Under the newly added Chapter 59 of the Texas Business & Commerce Code, contractors are no longer responsible for the consequences of design defects. Tex. Bus. & Com. Code § 59.051(a). The law also ensures that a contractor need not (indeed, may not) “warranty the accuracy, adequacy, sufficiency, or suitability of plans, specifications, or other design documents provided to the contractor by” anyone other than the contractor’s own agent or associate. Id.

Chapter 59 represents a sea change in Texas’s contractor-liability law. Since 1907, the so-called Lonergan Rule has left contractors responsible for defects in design plans and specifications—even where the plans were made by a separate design professional hired by the owner. See Lonergan v. San Antonio Loan & Trust Co., 104 S.W. 1061 (Tex. 1907). Chapter 59’s new regime frees contractors from the risk of legal liability for plans they had no part in creating. Builders can now rely on plans and specifications given to them by project owners without worrying about being sued for flaws in those designs. The new rule does have some important caveats, though. All actors in the construction industry should be aware of these three qualifications:  

  1. Chapter 59 obliges contractors to disclose any design defect they learn about. Specifically, a contractor must, “within a reasonable time,” inform the other party to the contract about “any known defect in the plans, specifications, or other design documents that is discovered by the contractor, or that reasonably should have been discovered by the contractor using ordinary diligence, before or during construction.” Tex.

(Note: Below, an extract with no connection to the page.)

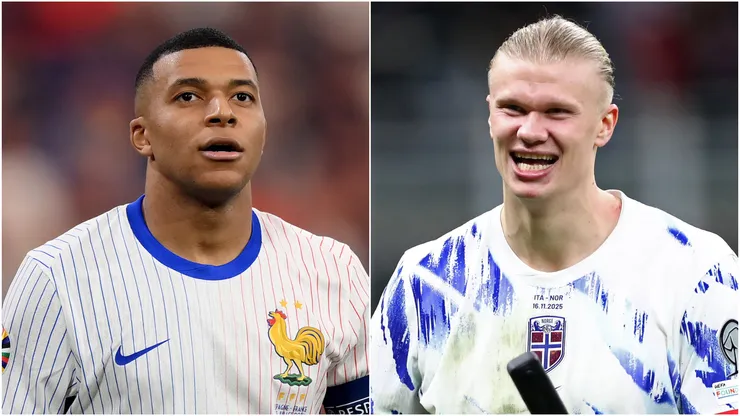 Kylian Mbappe (left, France), Erling Haaland (right, Norway)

Bus. & Com. Code § 59.051(b). A noncompliant contractor “may be liable for the consequences of defects that result from the failure to disclose.” Id. § 59.051(c). Texas courts have not yet interpreted the contours of this new disclosure duty, but until they do, contractors should scrupulously document and report any concerns raised by a client’s design plans. 
  2. Chapter 59 does not apply to any project that falls within the statutory definition of a “critical infrastructure facility.” Id. § 59.002(b). That definition includes, among other things, oil refineries, power plants, and a range of oil-and-gas-related sites. Id. § 59.001(3). Contractors should carefully review the full list of critical infrastructure facilities before signing on to any large-scale project. 
  3. Logically enough, Chapter 59 does not shield contractors from design-defect liability if they are the reason for the defect. Thus, the Lonergan Rule remains intact to the extent a contractor is responsible for any design documents that turn out to be defective. To this end, Chapter 59 specifically does not cover (1) design‐build contracts insofar as the designs or plans provided by the contractor are defective; (2) engineering, procurement, and construction contracts (again, to the extent the contractor’s designs are at fault); or (3) any portion of a contract where the contractor agrees to provide signed-and-sealed design input that is ultimately incorporated into the project. Id. §§ 59.002(c)–(d). This last carveout can put contractors in a particularly tough position because it determines liability on a piece-by-piece basis. For example, if a swimming pool subcontractor provides signed, sealed shop drawings that are later used during construction, the contractor is exposed to liability for any defect in the pool’s design. Thus, even if the contract with the owner wasn’t labeled as a “design-build” contract, the contractor may still be exposed to liability for the designs of his subcontractors.  

In short, Chapter 59 is a momentous development for the construction industry. The Texas Legislature has turned more than a century of legal precedent on its head to protect contractors from flaws in other people’s designs. The news isn’t all rosy for builders, though: Chapter 59 carries several important caveats that may limit—or in some cases negate—the statute’s benefits. Careful attention to the letter of the law and its judicial interpretations will be indispensable as the industry adjusts to a new legal landscape.